Schools play a critical role by designing structured opportunities for movement, but lasting impact comes when families and communities support the same environment. As a country, we must continue to track and understand children’s well-being at scale, so that we can respond meaningfully and collectively. The opportunity before us is clear – to act with intent today and create healthier, happier childhoods for the years ahead.”
Also Read: Roots to Wings: Inamdar Hospital Introduces Integrated Child Development Services
COVID Crash and Structured PE Comeback
The Sportz Village survey documents the sharpest fitness decline in its history during the pandemic years. In 2020, 70.5% of students met overall fitness benchmarks. By 2022, following extended school closures and lockdowns, that number dropped to 56.2%.
However, as schools reopened and structured activity resumed, recovery was significant. Overall fitness levels climbed to 84.4% in 2024 and 84.8% in 2025, surpassing pre-COVID benchmarks.
One of the most decisive findings from Sportz Village is that students enrolled in a structured PE programme for two consecutive years improved overall fitness from 66% to 82% – a 16 percentage-point gain. Schools conducting more than 80 PE sessions annually recorded 86% overall fitness levels.

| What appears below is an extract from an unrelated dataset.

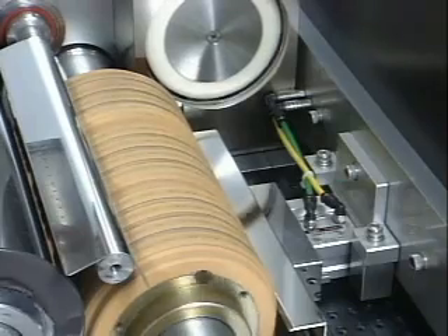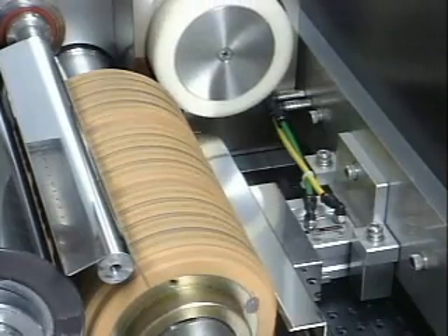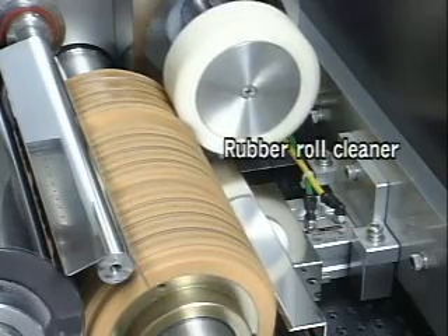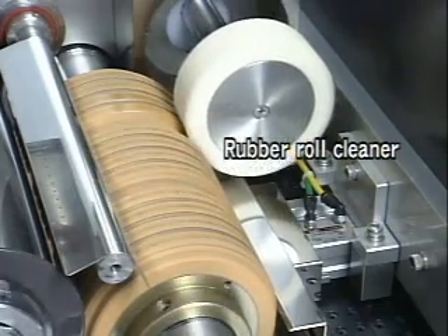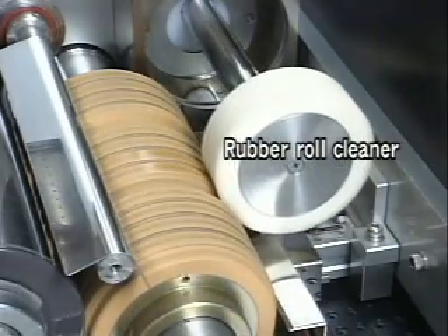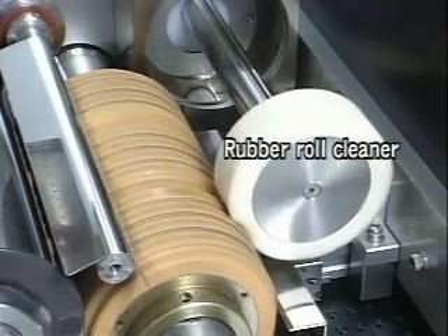Because the ink or shellac accumulates on the surface of the rubber roll, it is necessary to perform periodical cleaning. A sponge containing alcohol automatically cleans the rubber roll. Moreover, we can set a time interval for cleaning as we wish, and it is also possible to control it automatically during printing inspection.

The data underscores that structured, consistent Physical Education programmes produce measurable results.
Gender Insights: Girls Outperform Boys, But Lag in Aerobic Capacity
The Sportz Village survey reveals that girls outperform boys in five of seven fitness parameters:
- BMI (62% vs 57%)
- Flexibility (73% vs 68%)
- Core Strength (88% vs 86%)
- Upper Body Strength (53% vs 45%)
- Anaerobic Capacity (65% vs 63%)
However, only 27% of girls demonstrate healthy aerobic capacity compared to 41% of boys — marking a 14 percentage-point gap, the widest gender divide in the survey.
While girls show stronger performance in flexibility and strength metrics, aerobic endurance remains a key area requiring gender-responsive interventions, according to Sportz Village findings.
Public School Students Outperform Private School Peers
The Sportz Village report also shows that children in government and public schools outperform private school peers in five of seven parameters. These include:
- Aerobic Capacity (40% vs 33%)
- Anaerobic Capacity (81% vs 62%)
- Flexibility (78% vs 69%)
The anaerobic capacity gap alone stands at 19 percentage points. Private schools lead only in upper body strength.
The findings suggest that higher daily movement, greater outdoor exposure and reduced sedentary time may be contributing factors.
A Shared Responsibility
The Sportz Village survey reiterates that children’s health is a shared responsibility between families and schools. While parents influence nutrition, outdoor time and screen habits, schools provide the structural environment for sustained physical development.
The report emphasizes that merely allocating time for sport is insufficient. Structured, assessment-driven Physical Education programmes that track measurable parameters are necessary to drive long-term improvements.